For most people, buying a home will represent the greatest amount of money they will spend on a single item during their lifetime.

Therefore, most industry professionals agree that getting educated about the home-buying process is the most important aspect to embrace when jumping into the market.

And for most consumers, getting educated doesn't necessarily mean getting advice from friends and neighbors, it means getting the help of a real estate agent, visiting the library, gleaning information from the Internet and doing as much preliminary research as possible.

But, beware, said Judy Thomas, an agent in the Lutherville office of Long & Foster Real Estate Inc. Too much advice - and too often just out-and-out bad advice - from too many sources can make potential buyers confused and crazy.

"Look for someone who is knowledgeable and experienced," said Thomas. "You'll run into different problems and need someone smart enough to guide you properly through the [buying] process.

"There are a lot of ridiculous small things that can cause deals to fall through. While most problems are very resolvable, one needs considerable experience to know what the channels are that will get things straightened out."

Stefanie Narkiewicz found Thomas through the recommendation of a co-worker.

"We really hit it off well," said Narkiewicz, who moved from an apartment in Hampden to a single-family home in Bel Air.

"We started looking in June and probably saw 20 houses before we found the one we wanted in August," said Narkiewicz, an office manager whose fiance is a sprinkler fitter. "We pretty much did that and then showed up for closing."

In addition to personal compatibility, buyers must ascertain that a real estate agent is knowledgeable about a given area of the city or county.

For first-time buyer Heather Sachs, geography was important. She knew that she wanted to purchase a home that would allow her to walk to her job with the Army Corps of Engineers on South Howard Street.

"While I'm a young person, I'm not really hip and happening, and I didn't want to be in a part of the city that had a lot of bars and noise," Sachs said. "I knew I wanted a settled, stable neighborhood with people of many different ages and a neighborhood that was safe," she said, adding that she eventually found a home on Barre Circle in the city.

Others recommend finding an agent who represents the buyer, rather than the seller.

Until several years ago, true buyer agency didn't exist in Maryland.
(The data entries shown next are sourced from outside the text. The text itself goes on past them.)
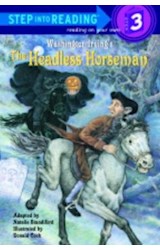 Papel HEADLESS HORSEMAN (STEP INTO READING 3)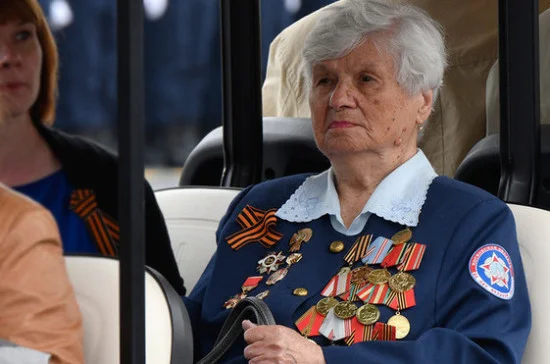 Когда ветераны получат выплаты в честь 75-летия Победы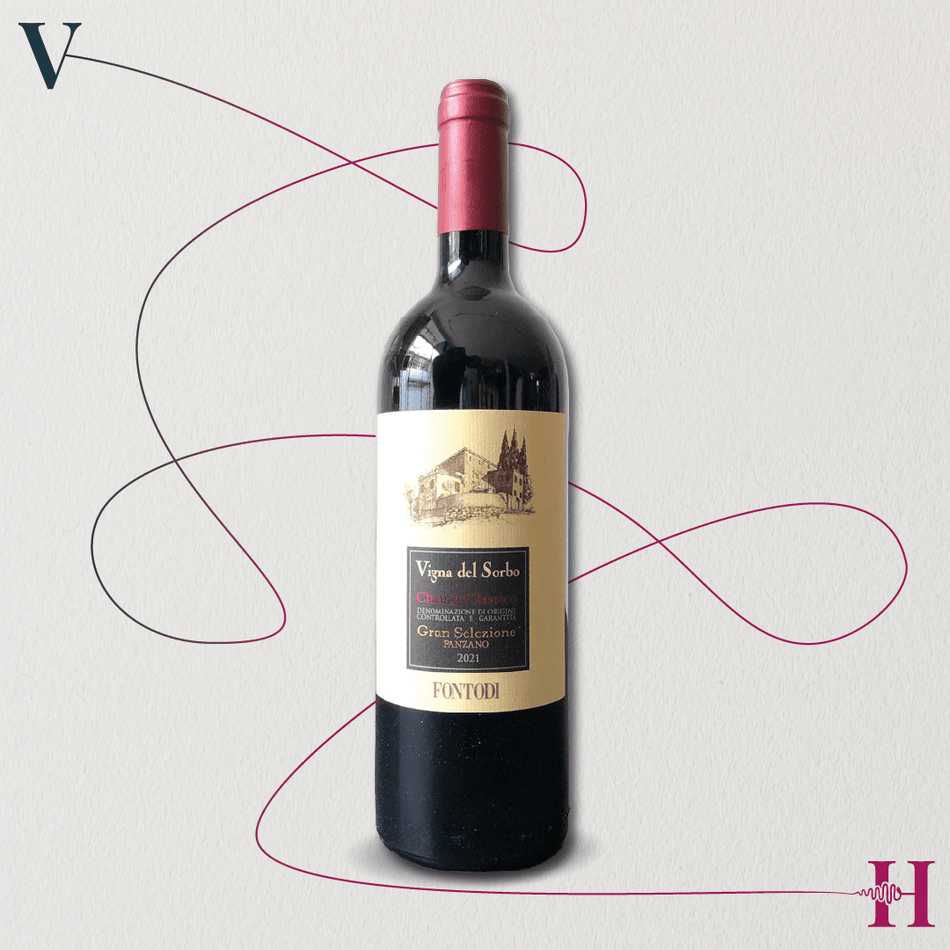 Vigna del Sorbo Fontodi 2021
Agents, even if they were working with a buyer, were presumed by law to be working for the seller, who was paying the commission.

However, a revision in the law in 1999 changed the presumption so that an agent would be working in the buyer's best interest, meaning that there would be confidentiality and some degree of care. This happens only when the buyer and the agent meet face to face.

The buyer's agreement

Signing an exclusive buyer's agreement means that the agent will give the buyer information and knowledge about the house in question and then negotiate aggressively to get the best price and terms possible. In return, the buyer remains loyal to the agent. And, in most cases, real estate commissions are paid by the seller, even to buyer's agents.

"Buyers really need to be well informed before making an offer," said Bill Cassidy, manager of the Fells Point office of Long & Foster Real Estate Inc. "You can get a really good sense of things by looking at a lot of houses because, if you overbid and then there's an economic downturn, you are the one who is going to be really hurting."

The other side of that coin is that houses aren't languishing on the market. "Sometimes first-timers go in with too low an offer and end up losing the house," Thomas said.

Increasingly, the name of the game today is getting pre-approved by a lender.

But before getting pre-approved, buyers should know what their credit history looks like. Poor credit leads to a difficult time in getting approved for a loan, according to Neil Sweren, president of AllyMac Mortgage in Owings Mills.